He laughed. “Dat’s all right, kid,” he said, and then leaning to my ear he
added: “Say, do you want another nickel, sissy?”
I borrowed the dollar from Evans, the student who was a friend of Jimmy’s. I
bought the morning papers, and scanned the
190 columns of
advertisements. I was determined to look for some other kind of work, yet I
realized that I was a
“Jack-of-all-trades and master of none,” unless it be
that of the model. I found one advertisement that seemed to be pretty good:
’Wanted: A smart, pretty young lady for light, easy work. Experience not
necessary.’
I started down to answer that advertisement at once. The address was in the old
building on Washington Street and there seemed to be all kinds of businesses
carried on there. On the door of the place I was to apply was some name, and the
word “Massage.” I had a dim idea what massage meant. I associated it in some
way in my mind with illness. I pushed the bell, and the door was quickly opened. A
stout, matronly woman stood smiling at me.
“Come in, dearie,” she said, as though she were expecting me.
I found myself in a room that looked like the average boarding-house parlor. It
was stuffy and dark. The woman sat herself down in a rocker, and she was still
smiling at me
“I came in answer to the advertisement. What do you require me to do?”
Patting me on the arm, she said:
“Easy, easy, dear. Don’t talk so loud. It is massage work, dearie.”
“I can’t do it,” I said, “but I might be able to learn.”
She kept on grinning and winking at me, and I don’t know why, I suddenly felt
terribly afraid of her. I said tremulously:
“Will I have to wear aprons?”
She got out of the rocking-chair and poked me in the side.
“Now, dearie, if you are really a good girl, I don’t want you to come at all.
I’d rather have a young married lady. I had a sweet little married lady before,
but her husband got on to us and—”
I had begun to back toward the door, and with my hand behind me I found the knob.
I ran out into the hall, and down those stairs as quickly as I could get. Oh, how
good the air did seem when I found myself at last on the street.

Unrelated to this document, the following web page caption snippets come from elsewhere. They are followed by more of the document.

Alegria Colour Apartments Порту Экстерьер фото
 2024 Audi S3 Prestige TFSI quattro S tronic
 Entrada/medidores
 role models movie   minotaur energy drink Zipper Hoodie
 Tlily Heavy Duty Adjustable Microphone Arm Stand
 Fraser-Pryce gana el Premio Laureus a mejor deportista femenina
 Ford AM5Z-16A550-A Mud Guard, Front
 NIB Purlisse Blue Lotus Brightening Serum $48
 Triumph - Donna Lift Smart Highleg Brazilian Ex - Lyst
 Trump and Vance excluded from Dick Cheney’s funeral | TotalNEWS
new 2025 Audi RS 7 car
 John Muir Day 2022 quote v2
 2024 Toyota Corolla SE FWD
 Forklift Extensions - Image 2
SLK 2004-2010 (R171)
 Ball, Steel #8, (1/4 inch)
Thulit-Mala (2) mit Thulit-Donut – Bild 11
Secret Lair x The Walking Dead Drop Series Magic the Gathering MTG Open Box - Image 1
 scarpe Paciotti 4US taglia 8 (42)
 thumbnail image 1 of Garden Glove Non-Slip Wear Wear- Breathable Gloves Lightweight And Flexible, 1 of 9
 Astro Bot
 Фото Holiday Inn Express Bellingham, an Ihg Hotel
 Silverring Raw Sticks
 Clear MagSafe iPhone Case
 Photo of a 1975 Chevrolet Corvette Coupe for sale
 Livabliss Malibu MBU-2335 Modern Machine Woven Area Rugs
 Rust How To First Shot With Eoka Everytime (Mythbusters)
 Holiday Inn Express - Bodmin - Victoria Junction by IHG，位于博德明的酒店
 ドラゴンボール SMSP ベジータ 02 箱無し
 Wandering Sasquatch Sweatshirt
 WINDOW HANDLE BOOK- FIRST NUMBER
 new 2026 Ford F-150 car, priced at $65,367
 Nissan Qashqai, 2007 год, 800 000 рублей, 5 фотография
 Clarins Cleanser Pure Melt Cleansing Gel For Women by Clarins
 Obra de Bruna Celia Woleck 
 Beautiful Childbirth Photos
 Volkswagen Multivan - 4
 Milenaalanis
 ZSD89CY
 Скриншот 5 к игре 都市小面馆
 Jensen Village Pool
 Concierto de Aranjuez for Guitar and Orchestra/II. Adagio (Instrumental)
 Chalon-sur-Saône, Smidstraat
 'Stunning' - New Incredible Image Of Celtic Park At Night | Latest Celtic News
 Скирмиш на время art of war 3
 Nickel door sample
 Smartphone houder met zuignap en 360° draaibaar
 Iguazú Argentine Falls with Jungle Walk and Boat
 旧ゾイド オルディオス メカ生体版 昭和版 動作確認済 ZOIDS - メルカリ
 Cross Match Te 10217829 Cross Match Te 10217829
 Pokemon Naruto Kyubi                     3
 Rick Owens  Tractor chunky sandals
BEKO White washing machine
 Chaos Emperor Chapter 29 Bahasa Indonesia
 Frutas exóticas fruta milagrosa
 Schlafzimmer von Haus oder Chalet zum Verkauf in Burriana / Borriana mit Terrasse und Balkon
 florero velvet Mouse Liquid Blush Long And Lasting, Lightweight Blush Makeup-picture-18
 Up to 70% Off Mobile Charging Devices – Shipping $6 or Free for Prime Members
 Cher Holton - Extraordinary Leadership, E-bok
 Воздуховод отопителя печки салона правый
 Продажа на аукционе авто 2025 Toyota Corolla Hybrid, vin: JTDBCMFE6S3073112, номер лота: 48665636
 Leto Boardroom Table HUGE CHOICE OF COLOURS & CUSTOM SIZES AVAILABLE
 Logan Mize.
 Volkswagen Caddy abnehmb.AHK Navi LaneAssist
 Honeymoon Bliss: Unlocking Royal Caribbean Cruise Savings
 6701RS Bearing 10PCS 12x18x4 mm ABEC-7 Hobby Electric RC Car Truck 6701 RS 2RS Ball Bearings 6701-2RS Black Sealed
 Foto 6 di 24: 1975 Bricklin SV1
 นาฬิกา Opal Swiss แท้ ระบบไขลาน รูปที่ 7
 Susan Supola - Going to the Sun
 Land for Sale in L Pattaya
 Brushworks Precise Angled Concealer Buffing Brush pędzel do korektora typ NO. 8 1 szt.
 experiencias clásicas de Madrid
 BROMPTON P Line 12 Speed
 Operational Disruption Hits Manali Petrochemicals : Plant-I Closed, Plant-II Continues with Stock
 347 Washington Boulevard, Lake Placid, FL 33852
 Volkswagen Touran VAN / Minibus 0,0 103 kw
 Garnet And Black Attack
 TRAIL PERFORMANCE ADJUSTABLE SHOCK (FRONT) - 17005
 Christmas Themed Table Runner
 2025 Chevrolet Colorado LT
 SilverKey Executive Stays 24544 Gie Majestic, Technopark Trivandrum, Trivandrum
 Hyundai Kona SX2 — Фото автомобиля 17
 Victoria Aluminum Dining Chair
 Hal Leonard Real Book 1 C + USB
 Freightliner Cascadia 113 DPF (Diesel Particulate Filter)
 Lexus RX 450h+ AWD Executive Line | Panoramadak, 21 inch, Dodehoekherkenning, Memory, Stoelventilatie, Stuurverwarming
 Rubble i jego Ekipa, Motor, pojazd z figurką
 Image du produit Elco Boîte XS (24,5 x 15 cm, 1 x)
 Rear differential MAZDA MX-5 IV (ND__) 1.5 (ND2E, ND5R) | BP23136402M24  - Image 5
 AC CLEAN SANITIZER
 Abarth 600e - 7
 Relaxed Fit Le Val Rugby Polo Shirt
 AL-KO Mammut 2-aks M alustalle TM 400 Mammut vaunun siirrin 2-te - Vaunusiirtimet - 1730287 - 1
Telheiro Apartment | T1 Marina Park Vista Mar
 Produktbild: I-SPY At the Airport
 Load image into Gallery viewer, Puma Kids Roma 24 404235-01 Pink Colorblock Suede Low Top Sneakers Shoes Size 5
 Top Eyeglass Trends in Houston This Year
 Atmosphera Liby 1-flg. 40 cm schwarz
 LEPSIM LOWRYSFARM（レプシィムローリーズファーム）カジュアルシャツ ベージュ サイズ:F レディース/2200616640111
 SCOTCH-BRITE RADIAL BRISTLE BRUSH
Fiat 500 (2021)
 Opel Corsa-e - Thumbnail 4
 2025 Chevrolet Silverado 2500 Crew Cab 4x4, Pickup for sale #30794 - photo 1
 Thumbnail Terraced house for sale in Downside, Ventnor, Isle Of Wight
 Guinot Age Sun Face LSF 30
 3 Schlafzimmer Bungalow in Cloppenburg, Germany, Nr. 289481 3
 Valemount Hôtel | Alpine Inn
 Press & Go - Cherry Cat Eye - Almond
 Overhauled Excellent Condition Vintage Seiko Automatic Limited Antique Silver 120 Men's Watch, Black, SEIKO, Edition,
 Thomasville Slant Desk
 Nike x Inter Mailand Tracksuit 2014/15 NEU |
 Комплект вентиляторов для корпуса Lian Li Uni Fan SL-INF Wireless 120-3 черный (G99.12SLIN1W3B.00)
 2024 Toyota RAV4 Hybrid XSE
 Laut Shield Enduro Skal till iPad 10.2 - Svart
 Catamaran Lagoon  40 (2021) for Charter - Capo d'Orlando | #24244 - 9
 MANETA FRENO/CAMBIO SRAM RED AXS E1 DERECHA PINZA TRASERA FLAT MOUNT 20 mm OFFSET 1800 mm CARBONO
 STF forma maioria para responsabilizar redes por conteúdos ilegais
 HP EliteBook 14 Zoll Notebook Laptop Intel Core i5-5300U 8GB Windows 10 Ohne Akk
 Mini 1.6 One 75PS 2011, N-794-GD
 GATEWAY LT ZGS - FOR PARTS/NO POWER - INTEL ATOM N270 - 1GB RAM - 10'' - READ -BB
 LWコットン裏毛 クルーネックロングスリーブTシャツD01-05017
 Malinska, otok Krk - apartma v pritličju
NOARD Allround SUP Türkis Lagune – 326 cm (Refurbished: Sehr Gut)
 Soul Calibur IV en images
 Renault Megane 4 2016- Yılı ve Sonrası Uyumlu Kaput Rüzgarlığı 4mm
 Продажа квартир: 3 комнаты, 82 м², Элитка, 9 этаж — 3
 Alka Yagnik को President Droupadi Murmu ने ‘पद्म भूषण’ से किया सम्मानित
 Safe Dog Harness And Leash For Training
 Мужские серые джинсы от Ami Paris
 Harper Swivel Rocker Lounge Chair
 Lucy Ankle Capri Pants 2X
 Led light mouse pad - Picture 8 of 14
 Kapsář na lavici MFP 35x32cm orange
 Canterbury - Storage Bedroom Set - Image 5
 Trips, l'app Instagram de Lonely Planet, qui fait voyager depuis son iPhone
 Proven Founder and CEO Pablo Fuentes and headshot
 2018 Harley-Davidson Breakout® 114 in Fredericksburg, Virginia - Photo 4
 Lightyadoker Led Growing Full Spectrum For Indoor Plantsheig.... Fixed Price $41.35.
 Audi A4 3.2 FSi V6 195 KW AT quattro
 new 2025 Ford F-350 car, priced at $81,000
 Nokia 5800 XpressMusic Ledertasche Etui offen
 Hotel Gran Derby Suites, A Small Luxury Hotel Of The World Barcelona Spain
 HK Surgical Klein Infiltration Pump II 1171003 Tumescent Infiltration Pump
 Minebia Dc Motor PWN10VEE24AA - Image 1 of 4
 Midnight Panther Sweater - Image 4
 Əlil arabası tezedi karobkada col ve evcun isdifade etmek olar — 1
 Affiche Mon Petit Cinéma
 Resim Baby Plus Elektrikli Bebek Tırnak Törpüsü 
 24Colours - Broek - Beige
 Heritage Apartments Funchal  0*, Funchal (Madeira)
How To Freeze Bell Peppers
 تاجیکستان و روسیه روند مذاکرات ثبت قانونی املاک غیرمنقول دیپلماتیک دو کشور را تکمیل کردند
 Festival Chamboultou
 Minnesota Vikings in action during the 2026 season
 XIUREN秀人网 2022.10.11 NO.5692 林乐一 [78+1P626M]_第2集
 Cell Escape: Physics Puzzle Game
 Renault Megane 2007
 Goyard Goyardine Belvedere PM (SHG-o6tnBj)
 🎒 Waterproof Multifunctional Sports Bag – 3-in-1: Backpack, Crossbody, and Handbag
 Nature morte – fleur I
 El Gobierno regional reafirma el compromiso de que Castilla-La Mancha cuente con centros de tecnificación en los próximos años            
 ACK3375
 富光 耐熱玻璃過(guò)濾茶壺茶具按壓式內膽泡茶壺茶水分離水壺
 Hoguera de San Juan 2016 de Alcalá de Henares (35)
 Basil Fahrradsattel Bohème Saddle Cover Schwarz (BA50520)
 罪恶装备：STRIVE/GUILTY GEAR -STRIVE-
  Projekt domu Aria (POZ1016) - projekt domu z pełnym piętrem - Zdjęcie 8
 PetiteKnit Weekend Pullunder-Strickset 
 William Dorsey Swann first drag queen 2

When I got to my room, I found a note on my table. It was from Miss Darling, and
was as follows:
’Dear Miss Marion:
‘I don’t want to press you, but could you let me have the rent? I would
not bother you, but I have expenses to meet, and even if you could let me
have a part if you cannot let me have it all, I would be obliged.
‘C. DARLING.’
There was a letter, too, from Reggie. I opened it with my hatpin and oh! I think
if I could have pierced Reggie instead of that letter, just then, I would have
liked to do it.
’Darling Girlie:
‘I met your sister Ada on the street, and she tells me you are doing
awfully well in Boston with your painting. I hope, however, you are not
forgetting your old sweetheart. Ada tells me you are coming home this
summer. Darling, I shall try to arrange to go to Boston, and we will come
back to Montreal together. I am longing for the moment when I can hold my
own little Marion in my arms again, and tell her how much I love her.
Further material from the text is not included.